College Park was chosen for this Little Blue location because the city is a hub for innovation, L.J. Yankosky, senior director of the innovation and new ventures team at Chick-fil-A, wrote in a company press release. Chick-fil-A hopes to become an “integral part of the local dining scene,” Yankosky said in the release.
Little Blue Menu will be a part of the Chick-Fil-A Shared Table program, which will donate surplus food to local food banks and nonprofits. The corporation will also be donating $25,000 to Feeding America to support Capital Area Food Bank, according to the release.
But some community members are still concerned about the effect the business will have on the city’s walkability.
District 3 council member Stuart Adams said that he believes the development does not align with the walkable, smart growth vision of downtown College Park.
The council member added that he is concerned that the development could cause additional traffic. The fast food establishment has a collection of delivery cars, vans and bicycles to conduct deliveries around the area.
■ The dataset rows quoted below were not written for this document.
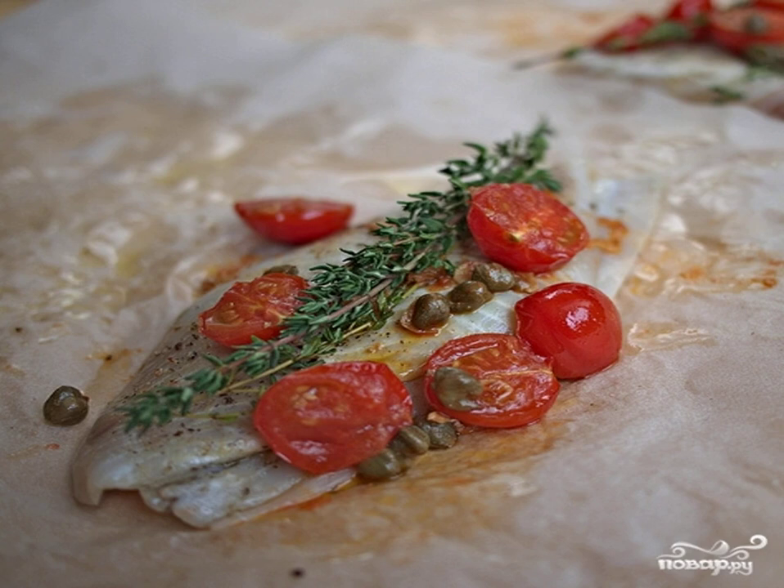Rub the fish thoroughly with salt and pepper. We take parchment paper, pour a little olive oil on the edge of the paper, and put the fish on the oil.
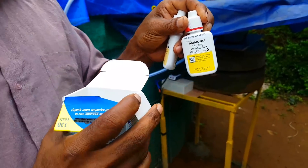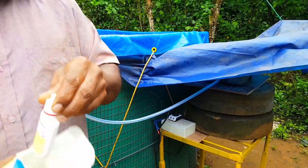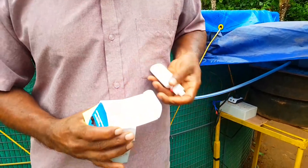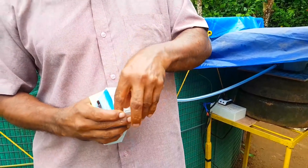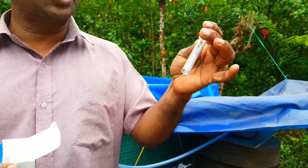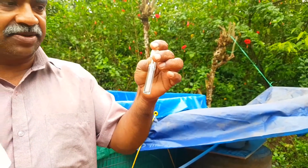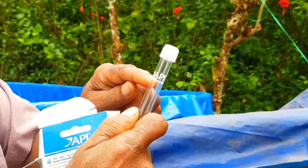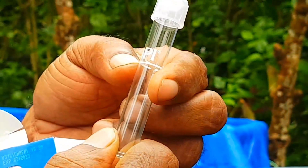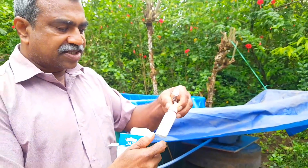This is the test solution bottle number 2. This is the test tube. The test tube has a mark. It has 5 ml.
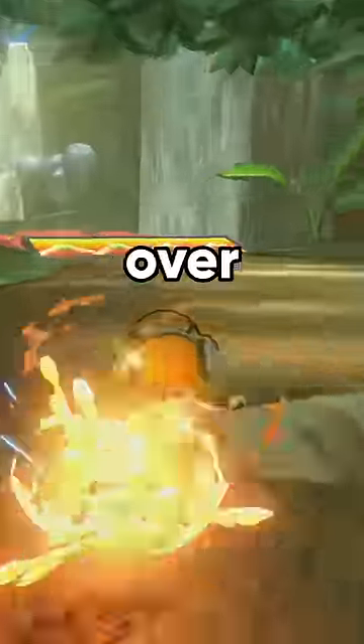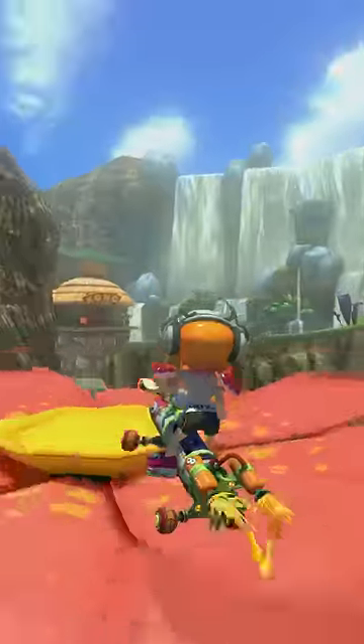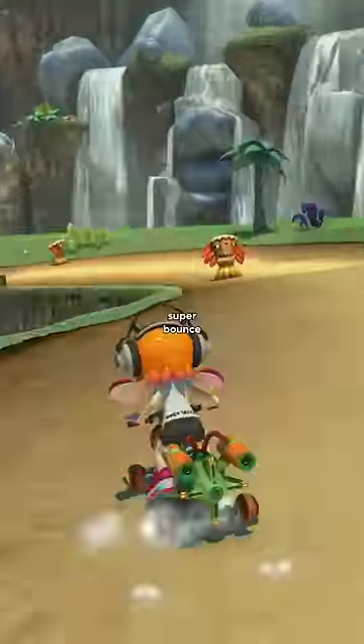This is not how you should drive over bounce pads in Mario Kart. That is the correct way. If you release a mini turbo right before a bounce pad, then trick, you can fly so far. This is called a super bounce.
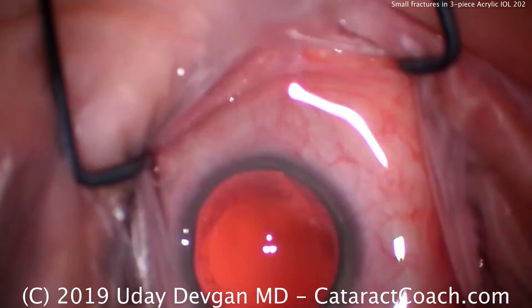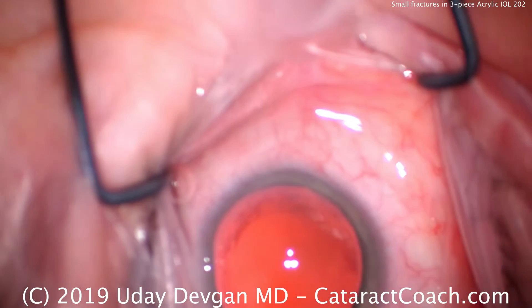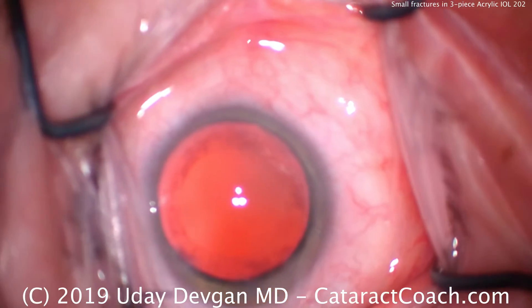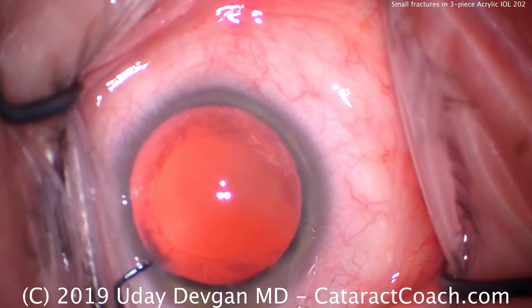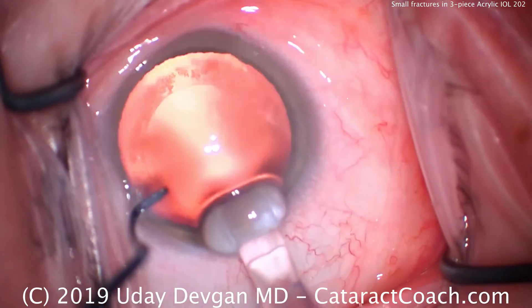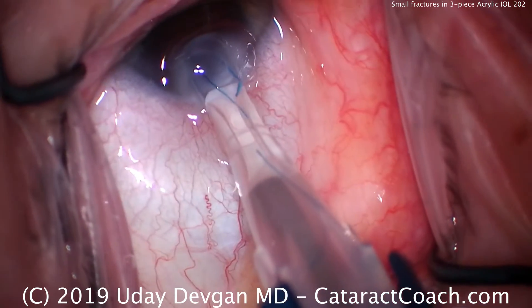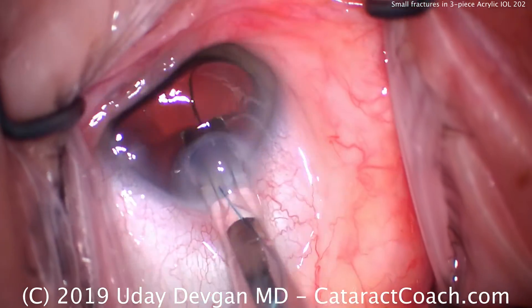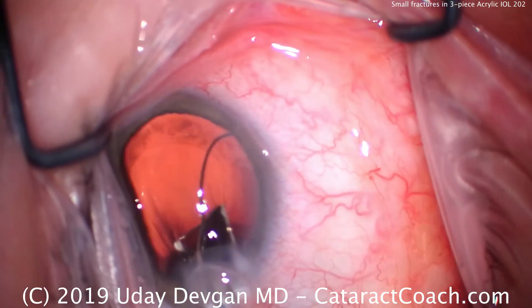Zooming in on the eye here, the capsular bag has already been inflated with cohesive viscoelastic, and here comes the lens. We're going to fixate the eye with the chopper initially, just to get the injector tip there to the incision and start delivering the lens. This is a wound assist technique — this is why the eye is moving nasally.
“It troubles me to walk past the restaurant and see a fleet of delivery vehicles that will add congestion to our roads,” Adams wrote in an email statement. ““I do believe the Little Blue Menu will be successful in this location but fear that it will be a net negative to the community, primarily due to traffic concerns.”
During a June 2022 community meeting, some raised concerns about whether it was appropriate for Little Blue Menu to have a delivery-based business set-up in a walkable area, according to a council agenda packet.
The ghost kitchen is in a “walkable node” of the city, according to the packet, with an emphasis on pedestrian safety and amenities. At the time, city staff said the business was vehicle-oriented, and therefore prohibited in the US1 Corridor Sector Plan Development District Standards, a plan that guides development on Route 1.
The Prince George’s County planning department approved the application for the ghost kitchen in 2022, despite criticisms from both council and community members.
Tyree added that while she likes the menu concept, she doesn’t like its car-oriented design. The only indoor area available for customers is a pick-up counter.
“It’s just a giant parking lot instead of more businesses here,” Tyree said. “I feel like it’s a misuse of space, especially in College Park where we want it to be more walkable.”